Image-caption web data

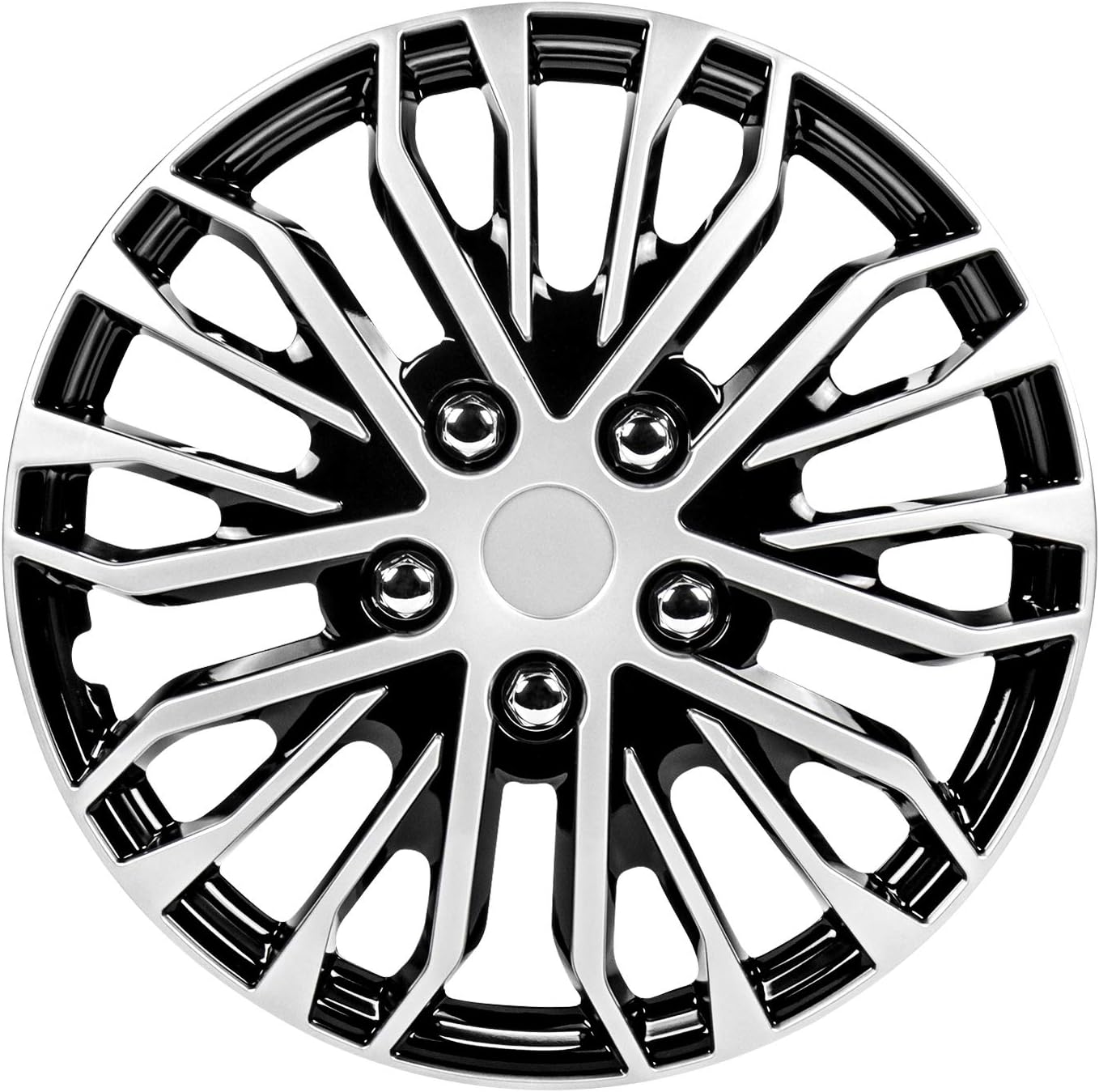Pilot Automotive WH142-16S-B 16 Inch Super Sport Black and Silver Universal Hubcap Wheel Covers for Cars | Set of 4 | Fits Toyota Volkswagen VW Chevy Chevrolet Honda Mazda Dodge Ford and Others Pack of 2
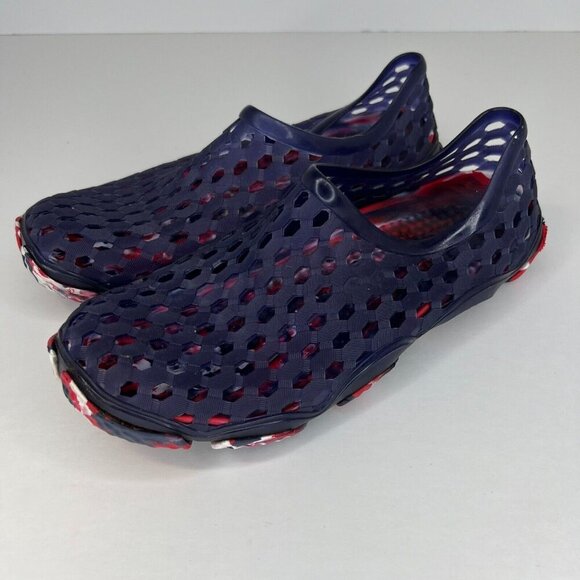 Mens Navy Blue Caged Water Holes Flexible Rubber Slip On Size 11/12  Shoes - Picture 1 of 9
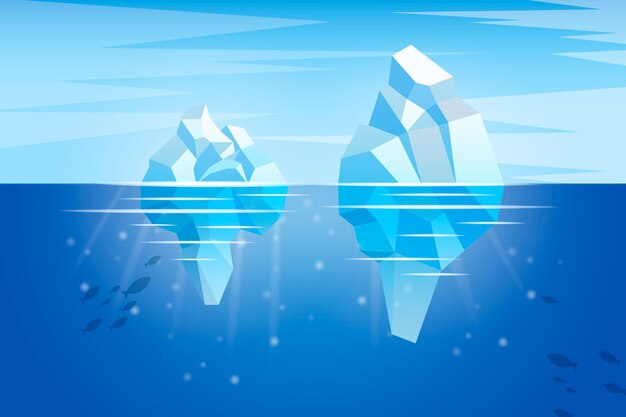 Océano con concepto de ilustración de iceberg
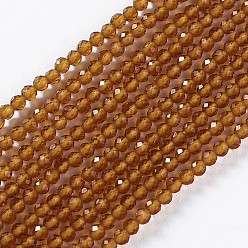 Темно-Золотистый Стеклянные бусины, граненые, круглые, темные золотарник, 2x2 мм, отверстие : 0.4 мм, около 183~187 шт / нитка, 13.38"~14.18" (34~36 см)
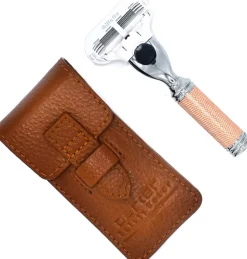 Parker Shaving TRVL-Ladies Venus Compatiable Rose Gold Textured Razor With Leather Case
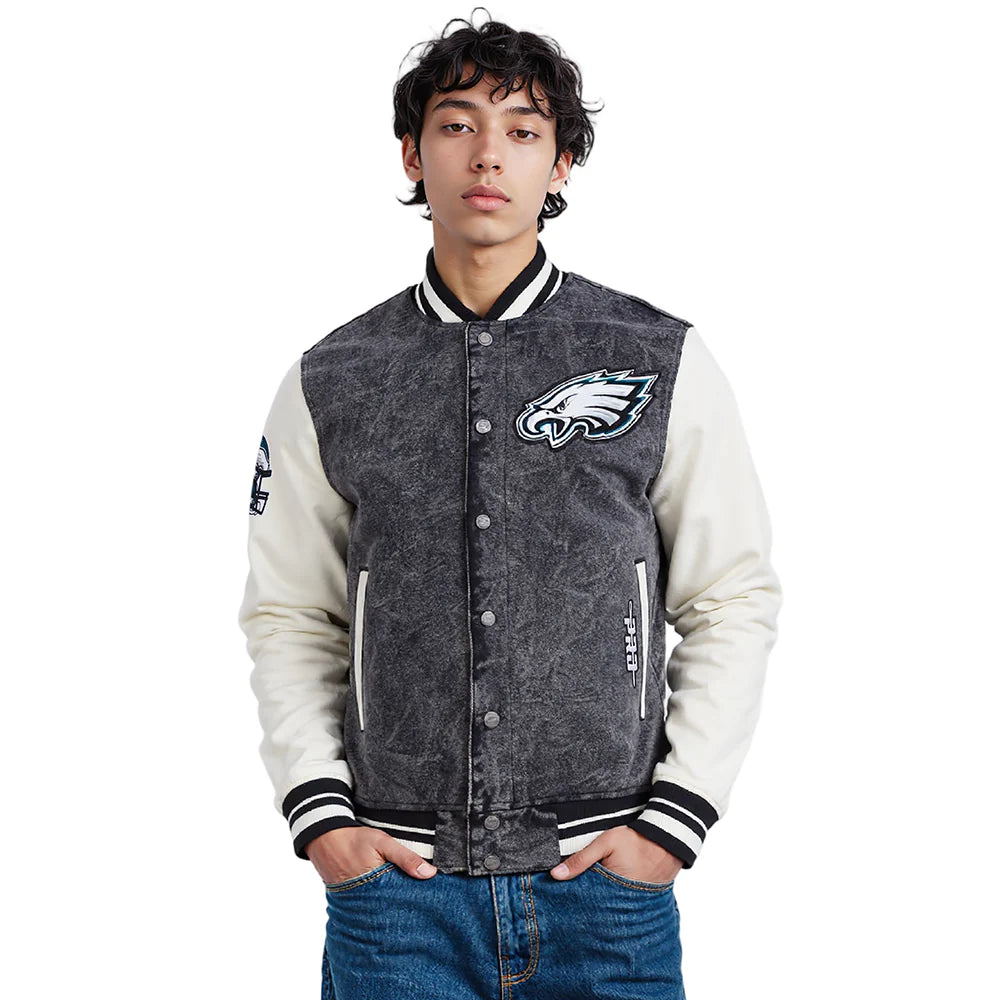 NFL PHILADELPHIA EAGLES REBEL ATHLETICS MEN'S DENIM VARSITY JACKET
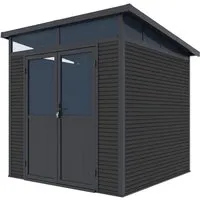 Weide Gartenhaus 218x218 cm - Wetterfester Geräteschuppen aus Aluminium - Gerätehäuser: Robustes Gartenhaus mit WPC-Wänden und verzinktem Stahldach, ideal als Geräteschuppen oder Fahrradgarage – wetterfest, langlebig und mit großzügiger Doppeltür für optimalen Zugang.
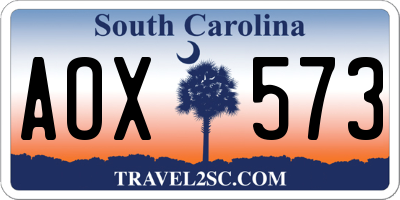 SC license plate AOX573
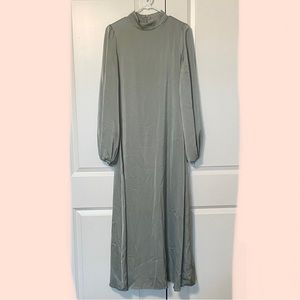 Zahraa the Label Satin Long Sleeve Maxi Dress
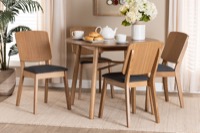 Baxton Studio Denmark Mid-Century Modern Dark Grey Fabric and French Oak Brown Finished Rubberwood 2-Piece Dining Chair Set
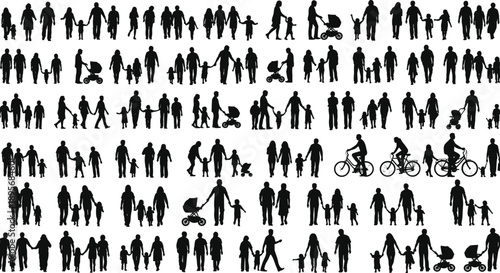 Family silhouette, caregiving figures, walking together, strollers, bicycles, children, parents, black icons, everyday life, social bonding, diverse family groups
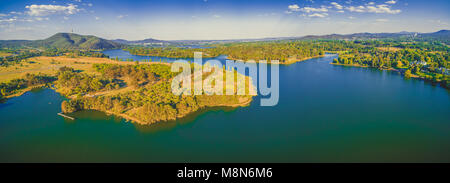 Wide aerial panorama of Lake Burley Griffin in Canberra, Australia Stock Photo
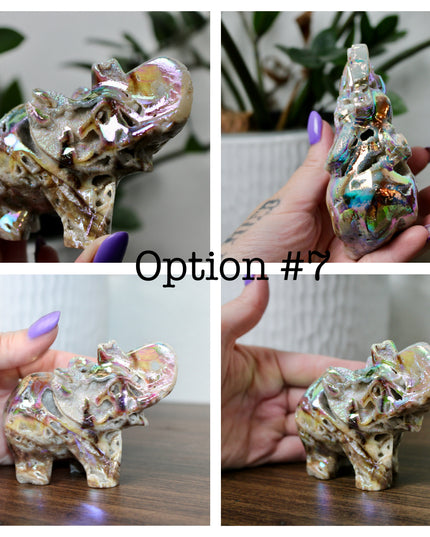 This Aura Quartz Elephant Carving features a charming hand-carved design enhanced with a brilliant rainbow electroplated finish. Made from natural quartz and treated to produce a luminous, color-shifting surface, this figurine blends natural beauty with a playful, eye-catching twist.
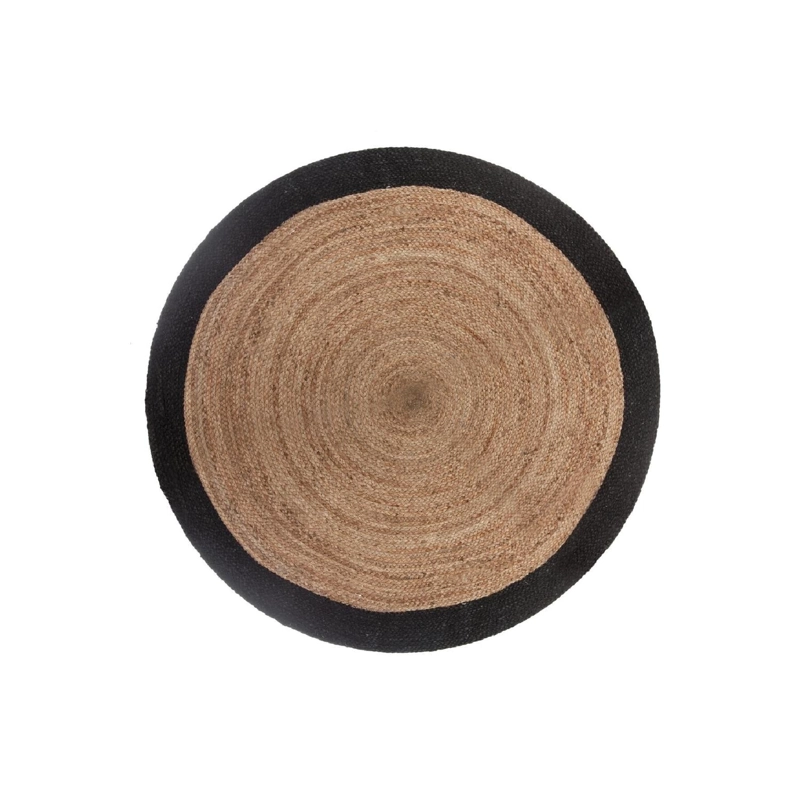 ALFOMBRA DE YUTE REDONDA CON BORDE NEGRO 120 CM ATMOSPHERA - 1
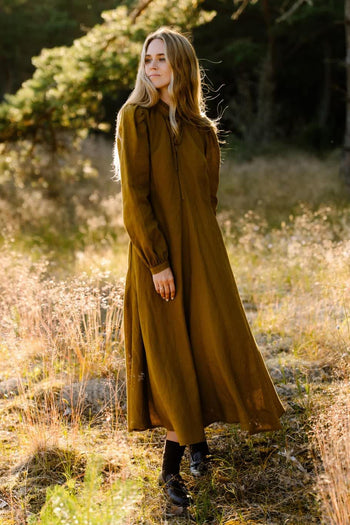 Dawn Dress, Long Sleeve, Olive Green #color_olive-green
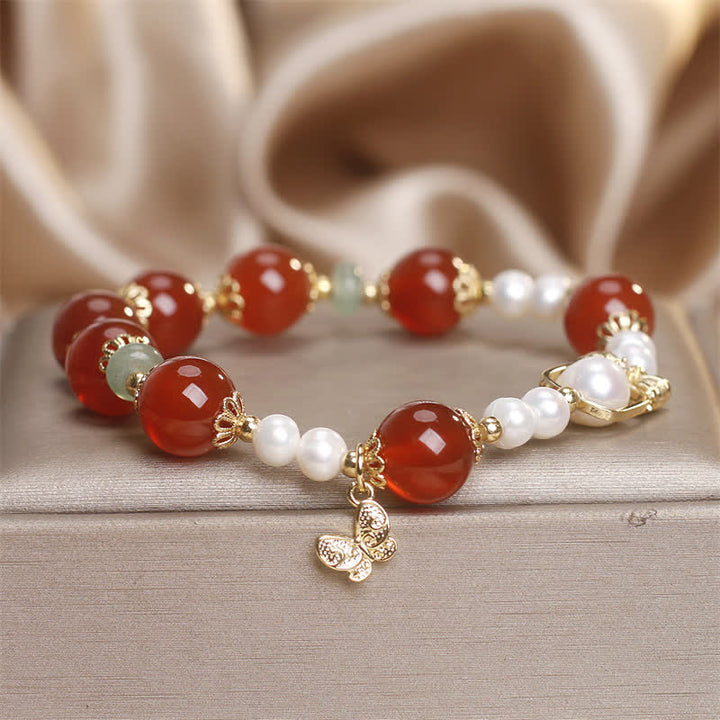 Buddha Stones Braccialetto di autoaccettazione con farfalla e perle in agata rossa naturale - Agata rossa (circonferenza del polso 15-16 cm) - image 0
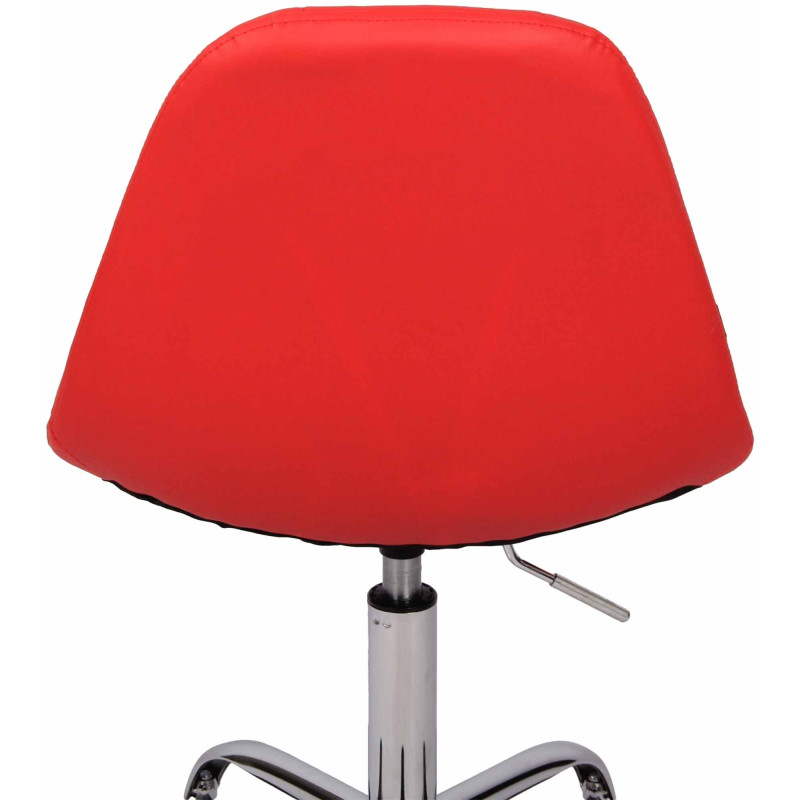 Chaise de bureau Reims en similicuir rouge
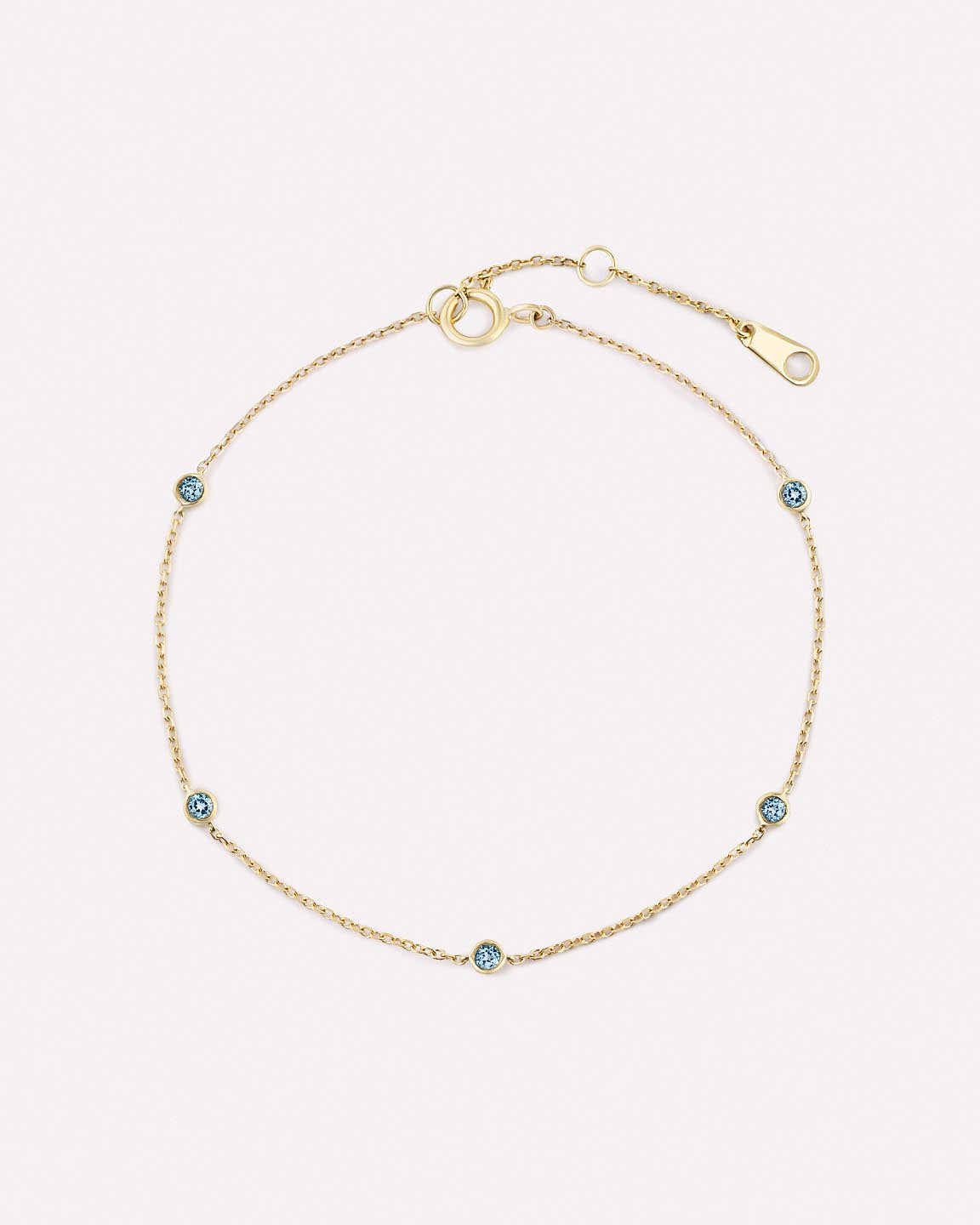 Solid Yellow Gold - Alexandrite Birthstone Station Bracelet
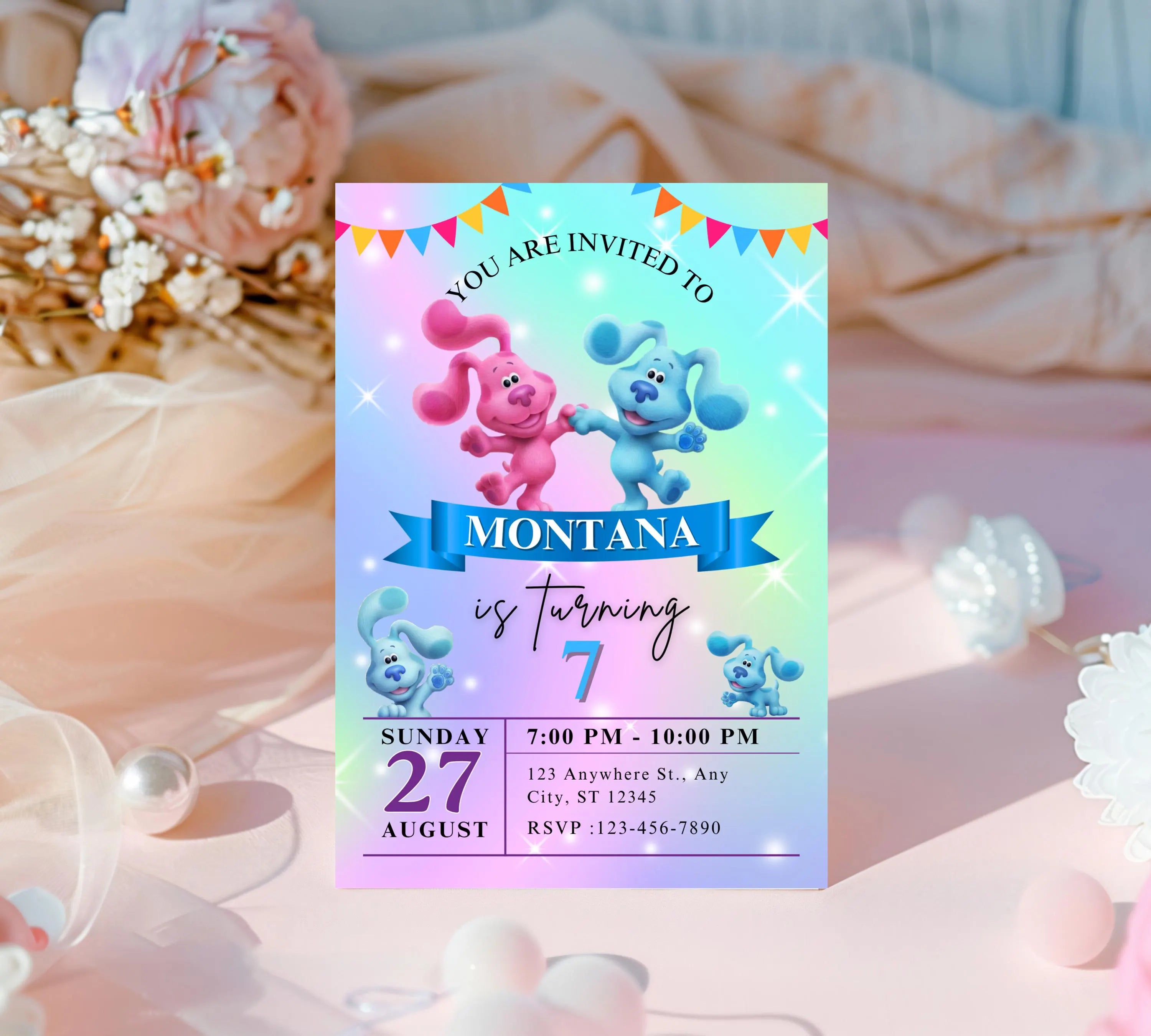 Editable Blues Clues Birthday Invitation Template, Printable Birthday Party Invitations, Digital Kids Bday Party Invite, Instant Download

What needs to be done: All pictures must be left out. Reproduce exactly the lines from the one containing "Family silhouette, caregiving" to the final line of the entries.

Task solution:
 Family silhouette, caregiving figures, walking together, strollers, bicycles, children, parents, black icons, everyday life, social bonding, diverse family groups
 Wide aerial panorama of Lake Burley Griffin in Canberra, Australia Stock Photo
 This Aura Quartz Elephant Carving features a charming hand-carved design enhanced with a brilliant rainbow electroplated finish. Made from natural quartz and treated to produce a luminous, color-shifting surface, this figurine blends natural beauty with a playful, eye-catching twist.
 ALFOMBRA DE YUTE REDONDA CON BORDE NEGRO 120 CM ATMOSPHERA - 1
 Dawn Dress, Long Sleeve, Olive Green #color_olive-green
 Buddha Stones Braccialetto di autoaccettazione con farfalla e perle in agata rossa naturale - Agata rossa (circonferenza del polso 15-16 cm) - image 0
 Chaise de bureau Reims en similicuir rouge
 Solid Yellow Gold - Alexandrite Birthstone Station Bracelet
 Editable Blues Clues Birthday Invitation Template, Printable Birthday Party Invitations, Digital Kids Bday Party Invite, Instant Download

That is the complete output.